On the surface of things the warehouse looks like a democratic space. Imposing, thick-walled structures that glower and commandeer the landscape in all their blocky, functional glory, they are utilitarian constructs that—for all their imposing presence—positively invite misuse and reappropriation. Commandeering a warehouse is a means of seizing control, wresting it back from authorities who do not want to co-operate with you, and have no reason to do so. That's the theory.
The reality of the contemporary warehouse space is slightly different. But here's the thing; being able to admit and accept that the original warehouse raves—thrown here in the UK and across the rest of the over-developed industrial world in the late 1980s—were genuinely radical reclamations of work-orientated city-space for the primary purpose of pleasure, doesn't mean we have to accept what ended up happening to that optimism and idealism.
The culture industry means that eventually all spaces that purport to some kind of radicality will slip into the clutches of the commercial backers who desperately want to milk whatever they can out of a world they don't understand. The DIY gets packaged in a client-friendly facade, and the original spirit of the thing is subsumed in the profit margins.
After all, punk ideals are great and everything, but they're a bit easier to sell when they come with stratified wristband releases and a corporate sponsor.
Walk around any city for long enough and you'll eventually come across a series of dog-eared and tatty posters for club nights that have come and gone.

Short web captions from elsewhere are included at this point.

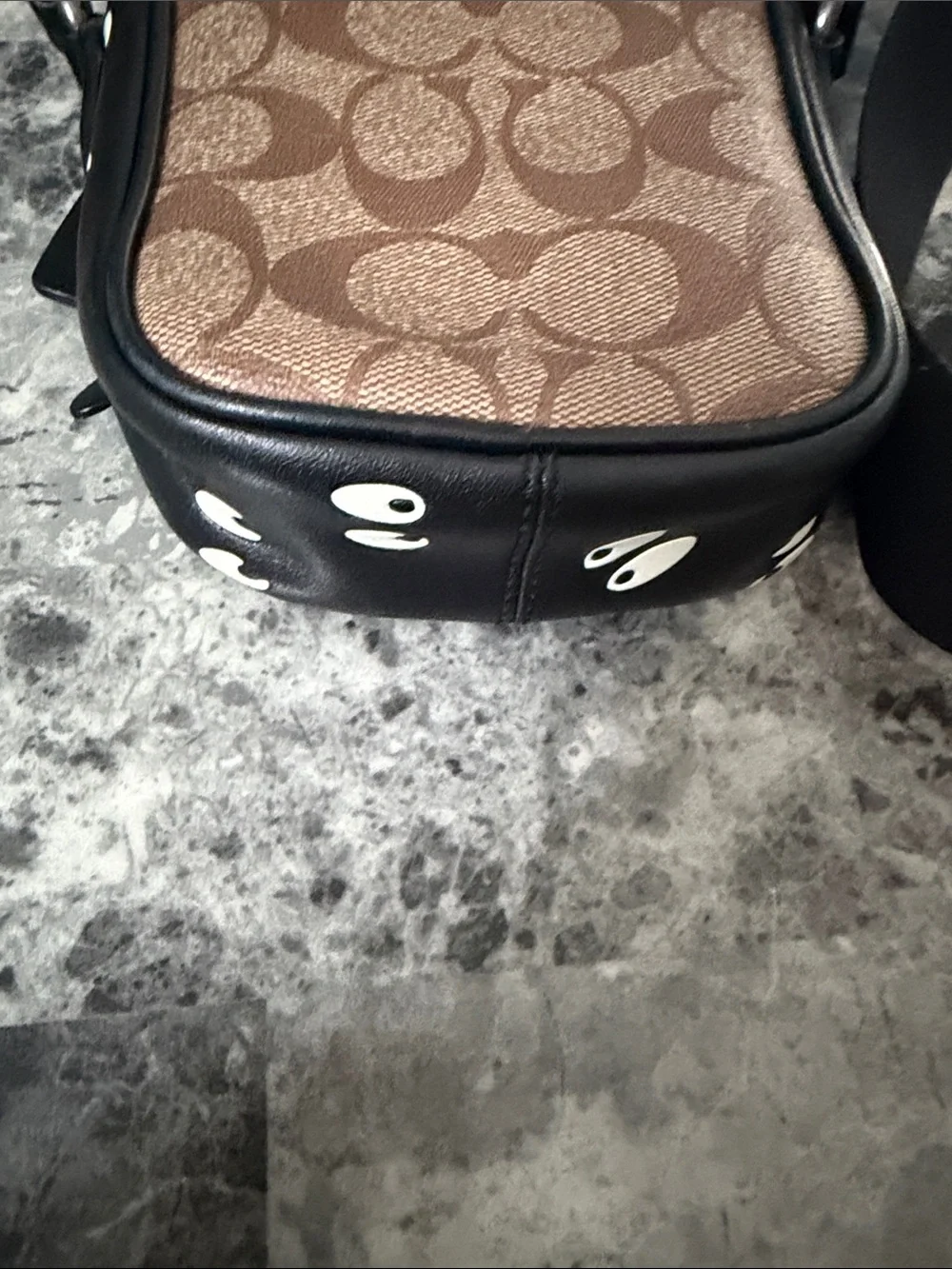 Coach Brown Signature Canvas Messenger Crossbody with Black Strap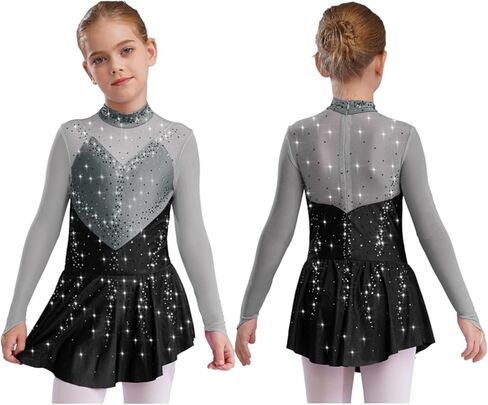 Kids Girls Figure Skating Dance Dresses with Shiny for Lyrical Modern Dance Competition and Stage Performance in Saudi Arabia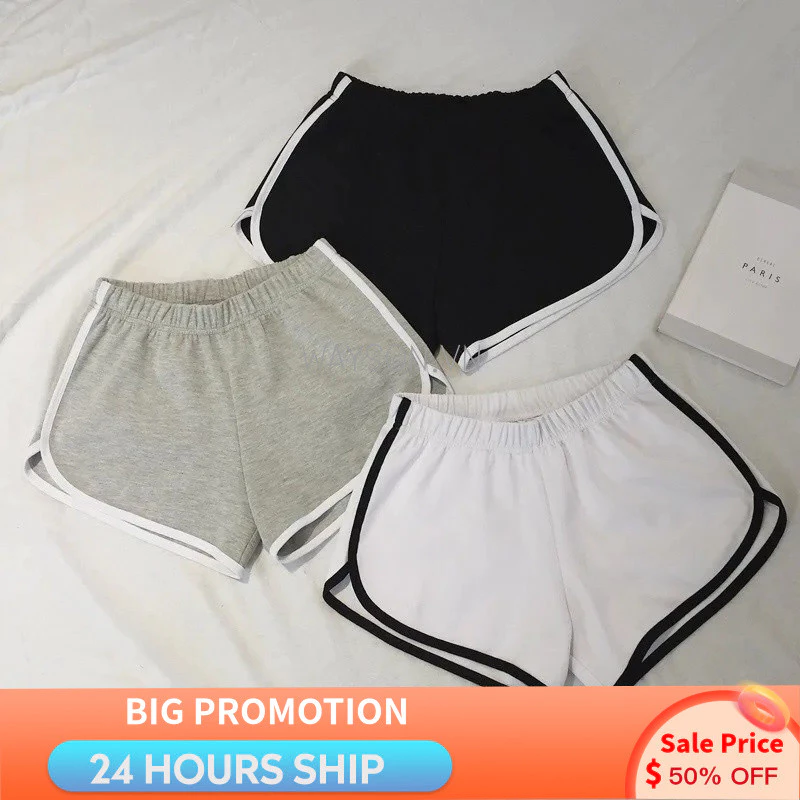 {READY STOCK} Quần short đơn giản tại nhà dành cho nữ Quần đi biển tập thể thao thông thường Quần short tập luyện toàn diện Quần thể dục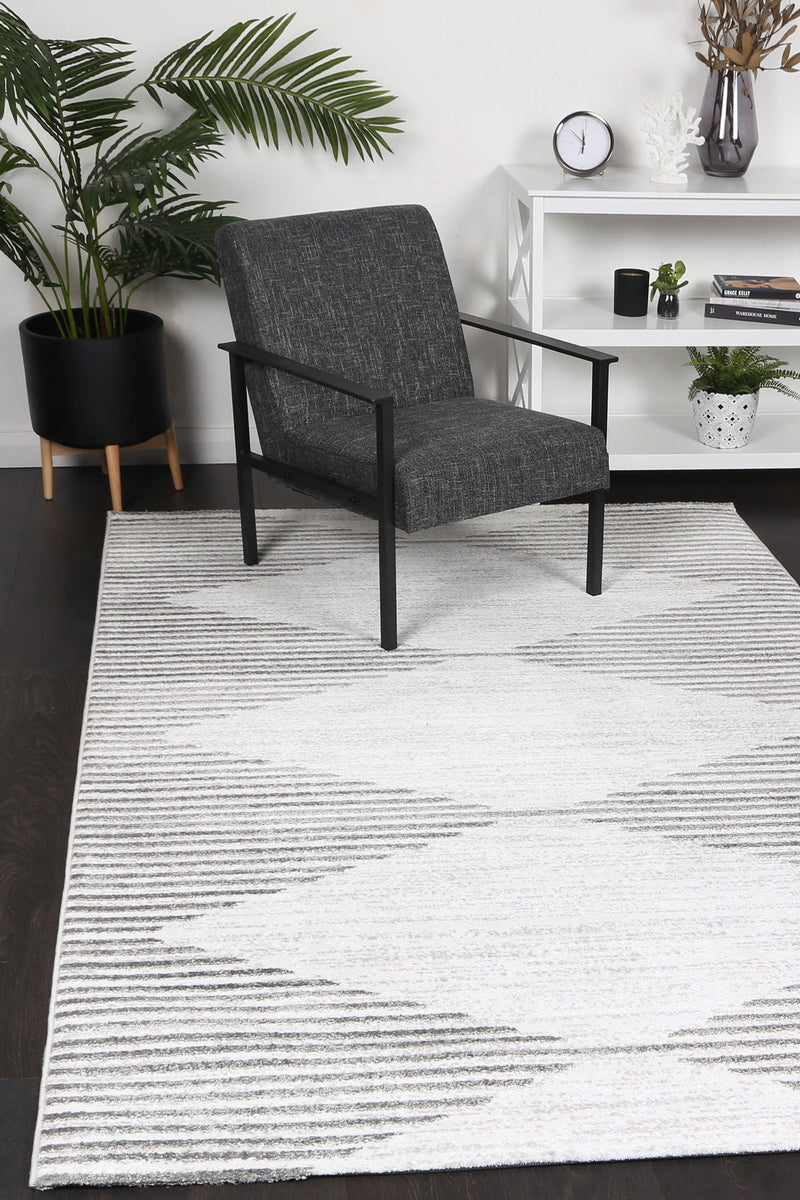 Windjana Abstract Diamond Silver Rug 240x330cm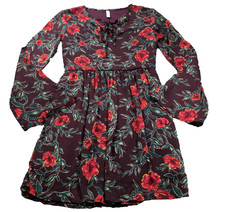 Xhileration Womens Dress Sz S Burgundy Floral Print Tie-Neck Bell Sleeve NWOT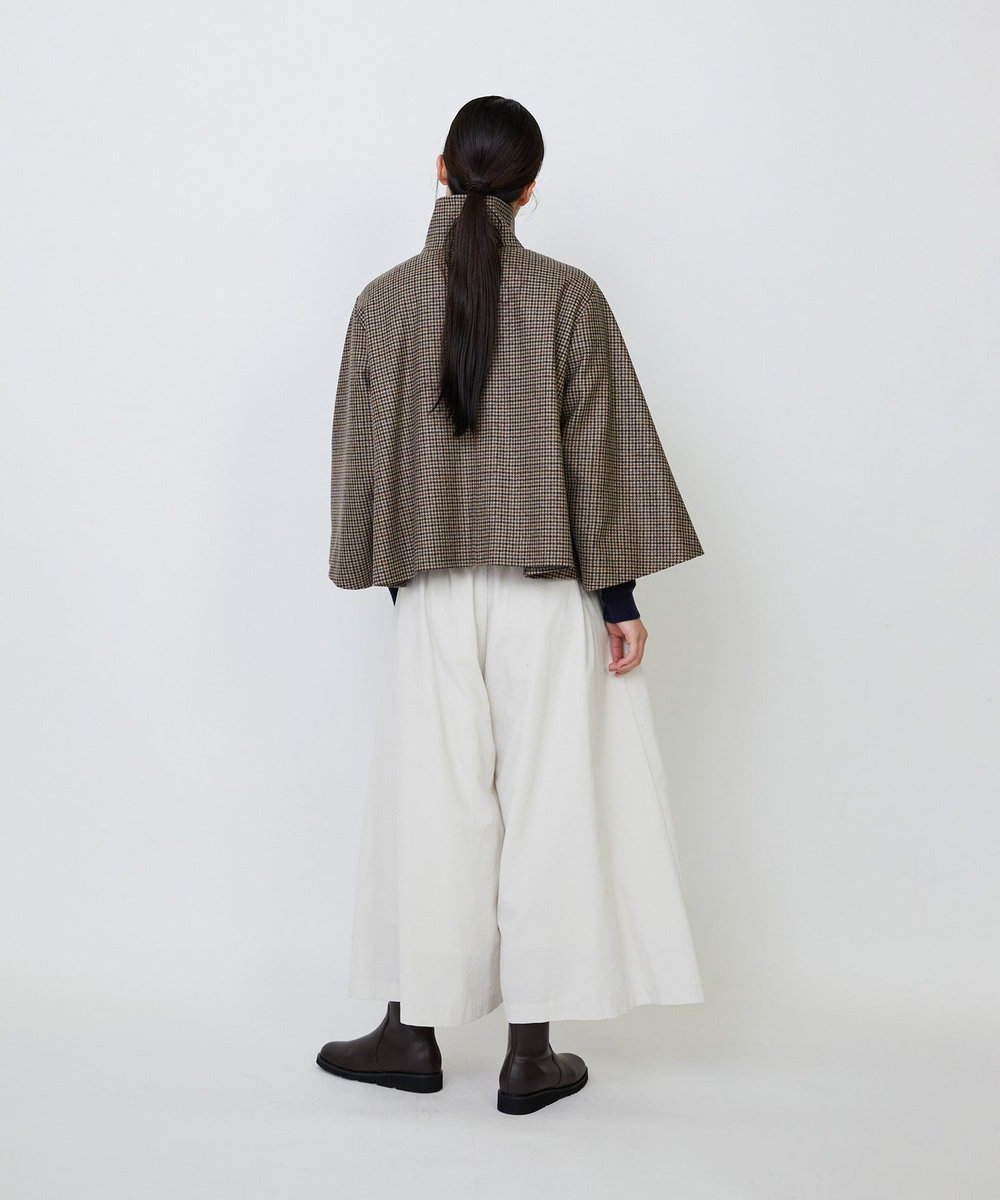 LOISIR Aラインショートジャケット チェック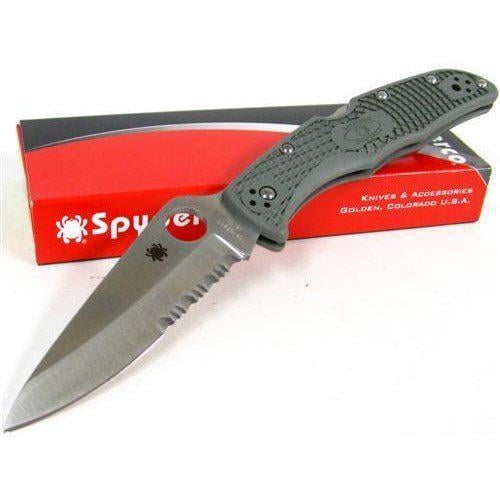 Нож складной Spyderco Endura 4 напівсерейтор Сіро-зеленый (C10PSFG) - фото 2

You might have heard of the majority of the DJs on the bill. "Oh," you say, scanning across the impeccably and minimally designed poster, "I like all those DJs, and I'd like to see them all on the same night." Scrolling down, you spot the venue. "Brilliant," you say, "it's being held at one of those warehouses that other reputable promoters use, that's good, that ensures a basic level of safety, if not comfort." The bottom inch of the poster's entire width is taken up with the intentionally small sized logos of a raft of media and associated partners. "Yes," you think, "radical club culture should come with the cosign of a massive beer brand, and where better to stock the alcoholic monolith's drinkable portfolio than at an 'unconventional' venue which won't have a traditional bar set up."
In assuming that warehouses hold some special significance, we are readily and actively applying yet another coast of nostalgic varnish to a structure that looks, under the surface, set to crumble and rot at any minute. The warehouse is another space that's been commodified out of all proportion, standing as little more than monuments to a past most of us can't remember, or weren't even alive for.
The same thing happened to the wide open fields of yore; it turned out that you could quite easily get people to exchange money to stand on scrubby patches of grass, listening to music beamed out from half a mile away, sipping on overpriced and watered-down paper cups half-filled with the lukewarm dregs of a nearly-done barrel of lager. In fact, they'd pay through the nose for it. They'd make this communion of commerce a primary form of socialisation, and they'd even fly halfway around the world to stand in another field, in another country, watching the same DJs, drinking the same drinks, pumping the same cash into the same one armed bandits over and over again.
It turned out that the warehouse, cloaked in darkness, imbued with an edgy history, was just as profitable, too.